* **Dataset extract**
—————
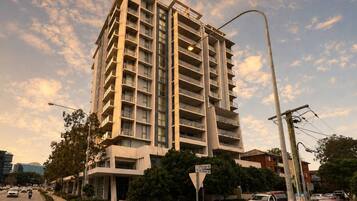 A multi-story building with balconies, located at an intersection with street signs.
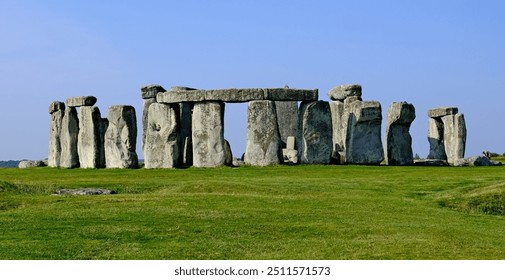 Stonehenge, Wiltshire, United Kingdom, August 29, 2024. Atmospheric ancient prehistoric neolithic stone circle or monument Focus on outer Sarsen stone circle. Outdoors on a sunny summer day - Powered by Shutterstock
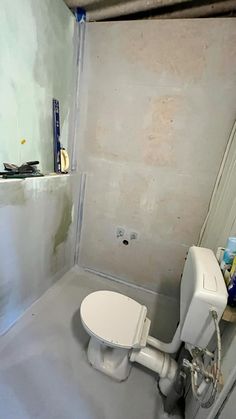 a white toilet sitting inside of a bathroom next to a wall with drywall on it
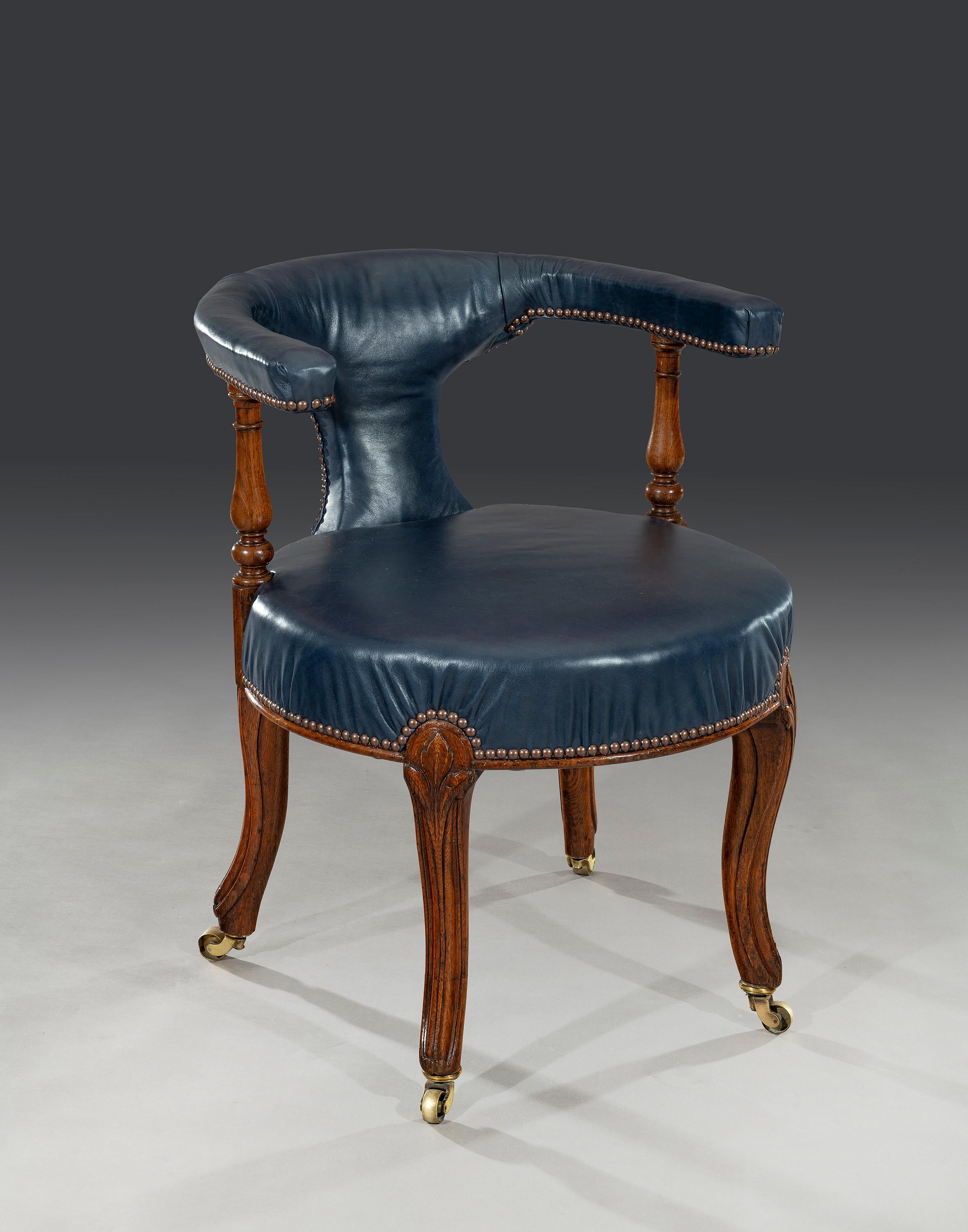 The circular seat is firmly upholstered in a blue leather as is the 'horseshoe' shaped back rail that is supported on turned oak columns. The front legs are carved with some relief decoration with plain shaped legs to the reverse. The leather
—————
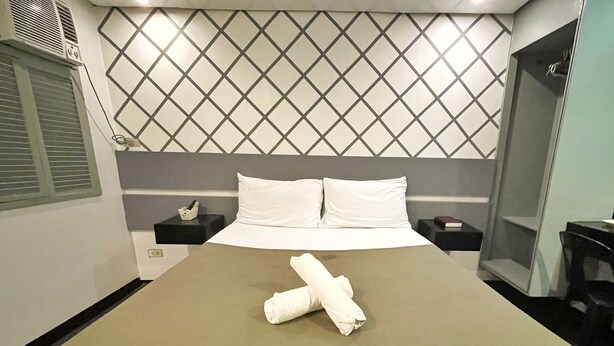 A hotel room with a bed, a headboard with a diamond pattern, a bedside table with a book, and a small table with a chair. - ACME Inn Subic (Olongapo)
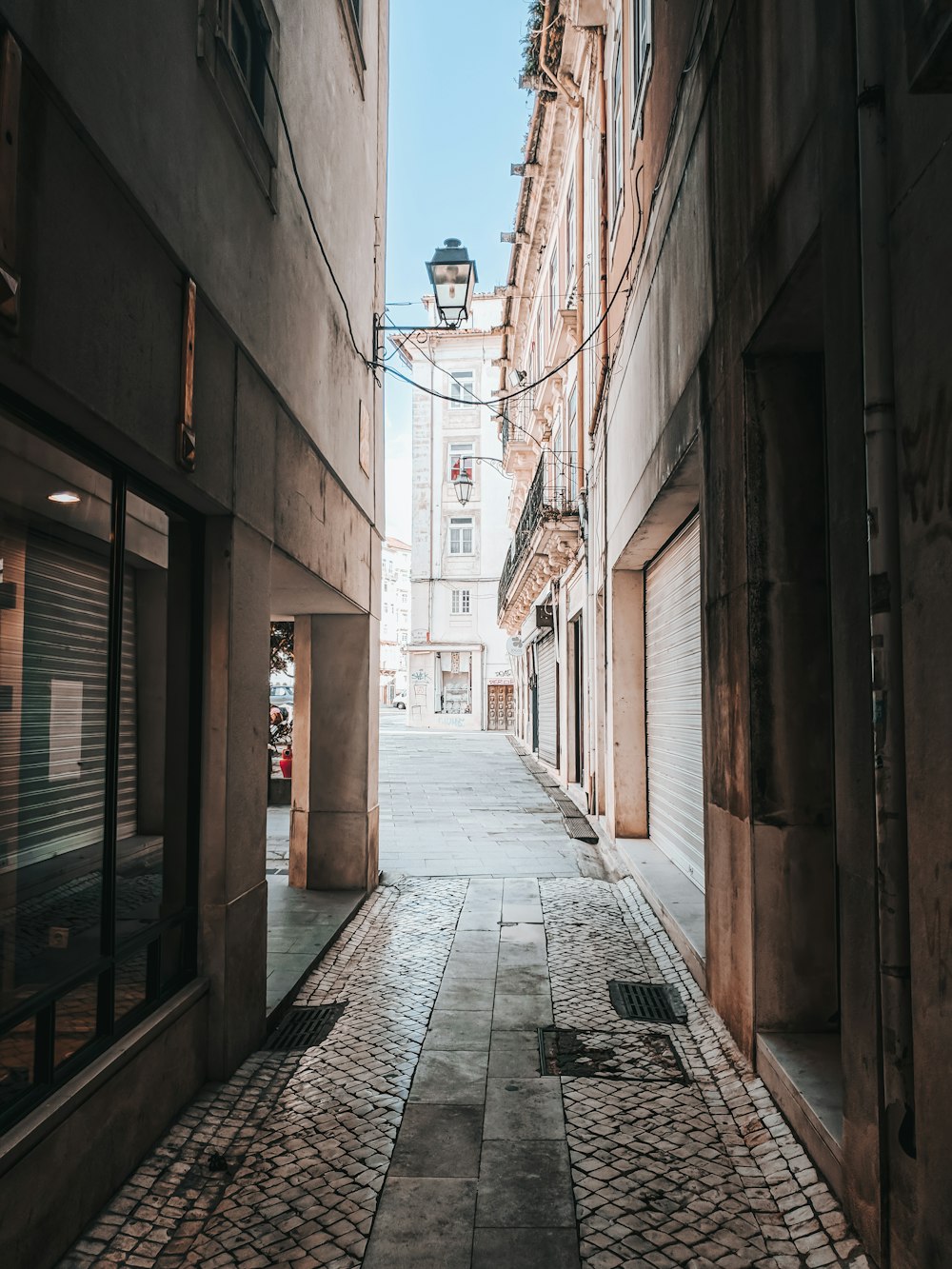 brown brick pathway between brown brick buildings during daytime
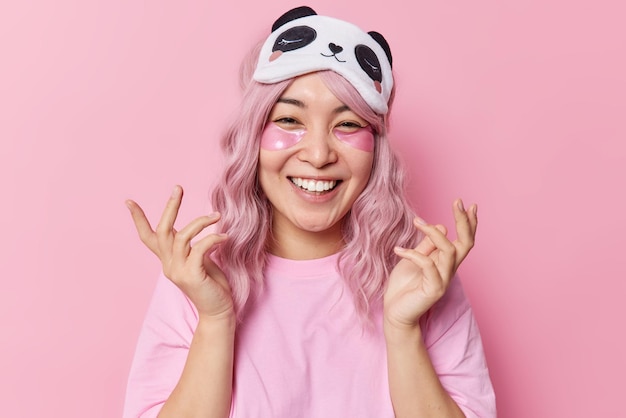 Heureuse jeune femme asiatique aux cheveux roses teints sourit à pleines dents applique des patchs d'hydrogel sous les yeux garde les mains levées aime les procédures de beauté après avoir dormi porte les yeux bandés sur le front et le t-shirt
—————
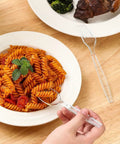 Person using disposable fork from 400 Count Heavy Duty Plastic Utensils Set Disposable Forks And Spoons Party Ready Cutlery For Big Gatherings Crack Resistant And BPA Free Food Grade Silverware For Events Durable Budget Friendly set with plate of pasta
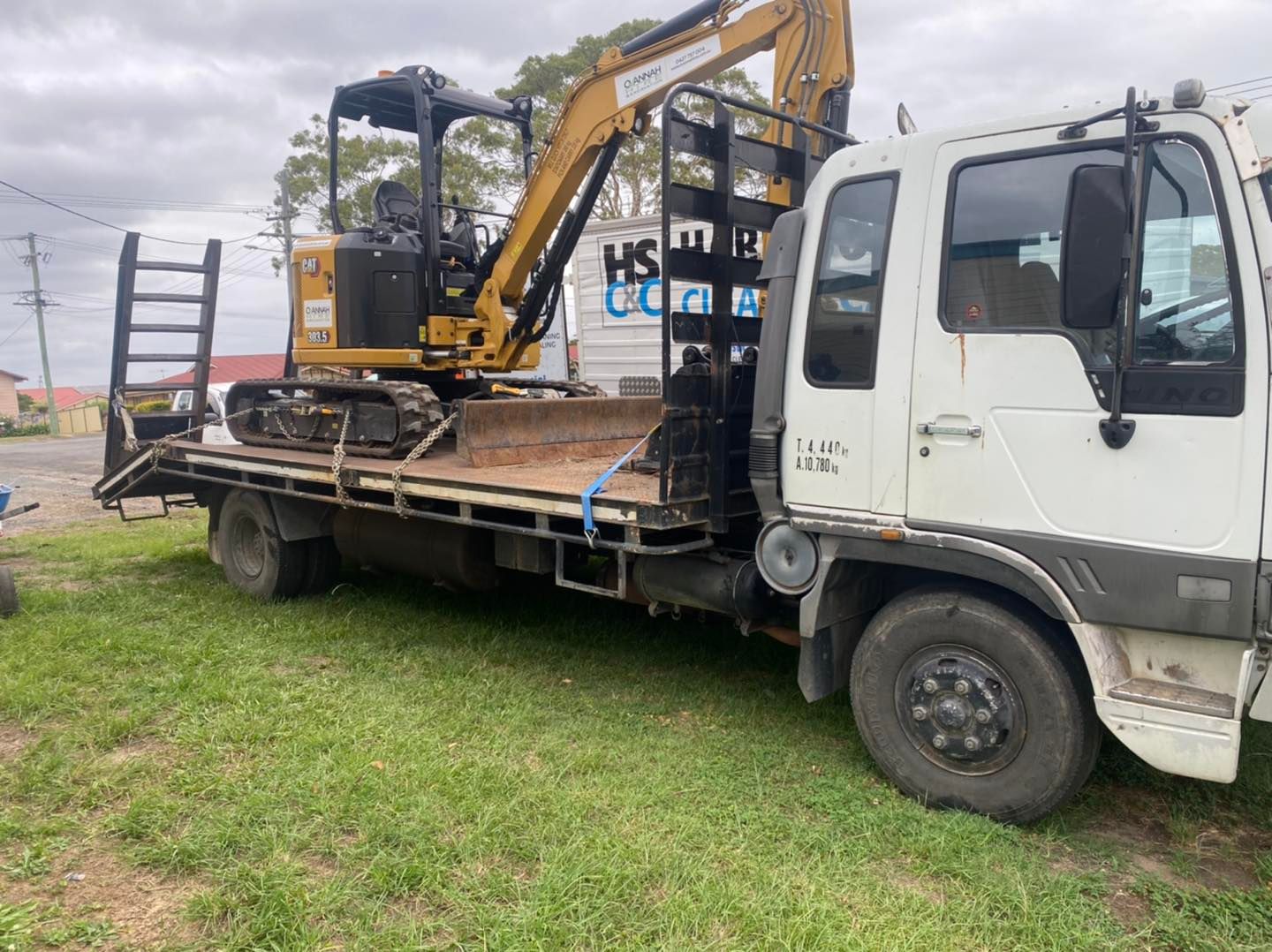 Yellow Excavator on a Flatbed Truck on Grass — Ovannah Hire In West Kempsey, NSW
—————
* **Task**
Using the records above, repeat exactly the run of lines that starts with the line with "A hotel room" and goes on through the line with "Heureuse jeune femme"; omit each picture.

* **Task output**
 A hotel room with a bed, a headboard with a diamond pattern, a bedside table with a book, and a small table with a chair. - ACME Inn Subic (Olongapo)
 brown brick pathway between brown brick buildings during daytime
 Heureuse jeune femme asiatique aux cheveux roses teints sourit à pleines dents applique des patchs d'hydrogel sous les yeux garde les mains levées aime les procédures de beauté après avoir dormi porte les yeux bandés sur le front et le t-shirt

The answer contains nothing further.